• _The input_
··········

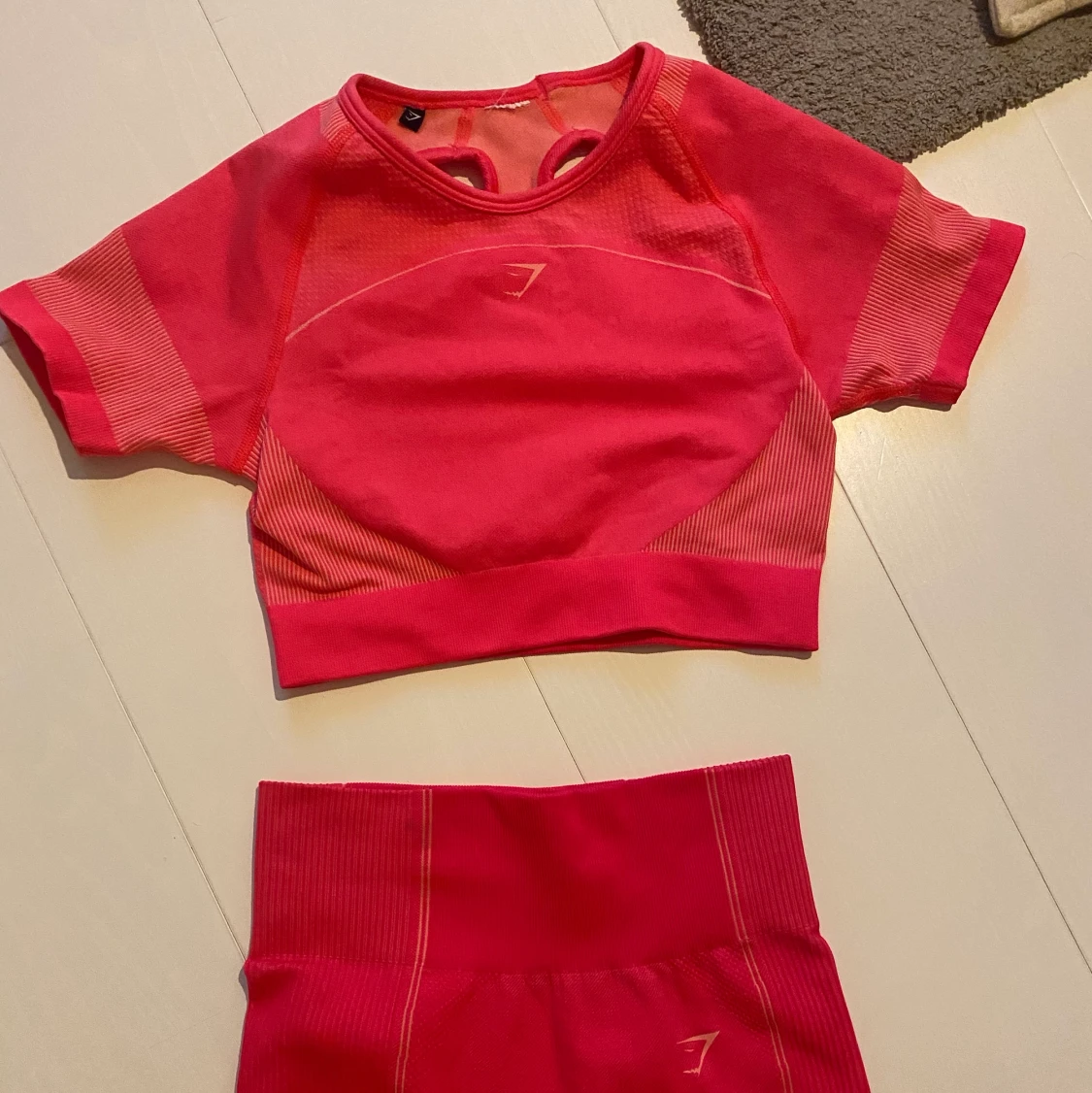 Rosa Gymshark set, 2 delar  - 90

··········

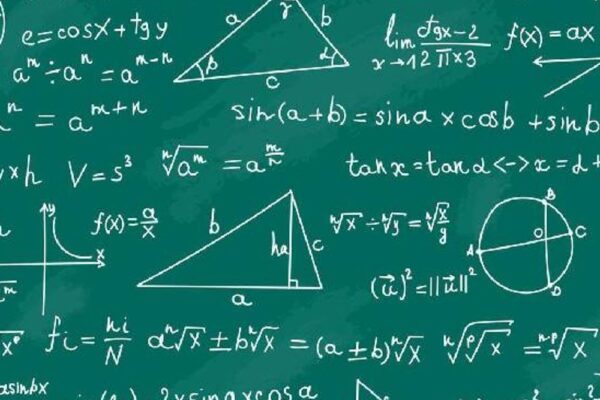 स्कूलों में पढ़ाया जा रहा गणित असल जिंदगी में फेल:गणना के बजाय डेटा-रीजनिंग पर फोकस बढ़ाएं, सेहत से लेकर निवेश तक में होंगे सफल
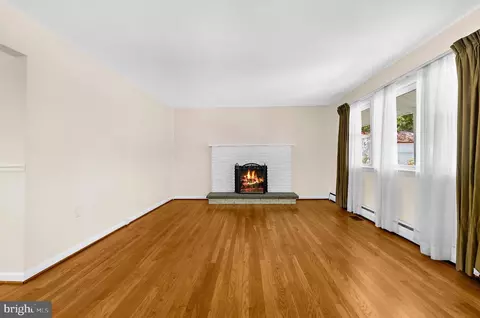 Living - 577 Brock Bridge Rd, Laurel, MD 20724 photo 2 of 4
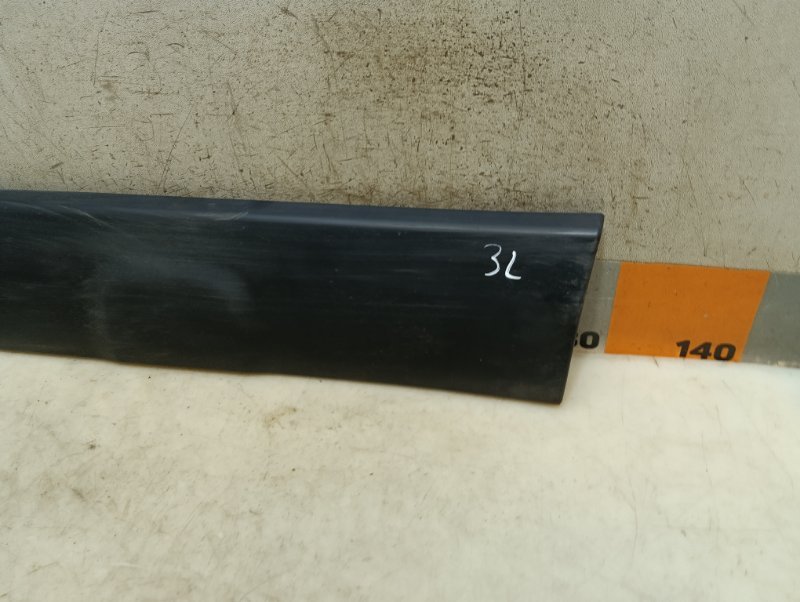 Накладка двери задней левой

··········

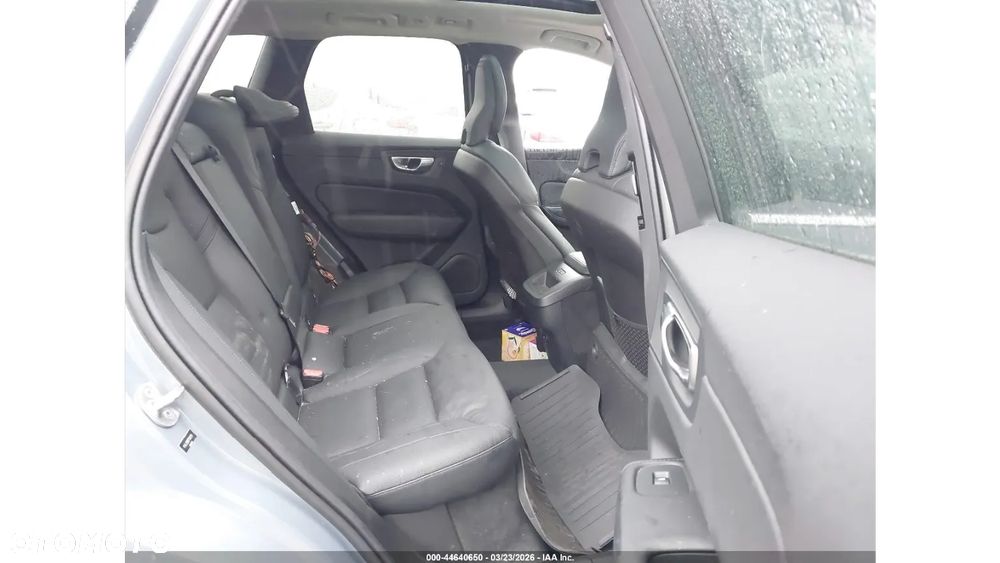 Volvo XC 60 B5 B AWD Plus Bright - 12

··········

Only one stretch of the listing above is to be duplicated: the lines from the one containing "स्कूलों में पढ़ाया" through the one containing "Накладка двери задней левой", both included. Copy them exactly, minus the pictures.

 स्कूलों में पढ़ाया जा रहा गणित असल जिंदगी में फेल:गणना के बजाय डेटा-रीजनिंग पर फोकस बढ़ाएं, सेहत से लेकर निवेश तक में होंगे सफल
 Living - 577 Brock Bridge Rd, Laurel, MD 20724 photo 2 of 4
 Накладка двери задней левой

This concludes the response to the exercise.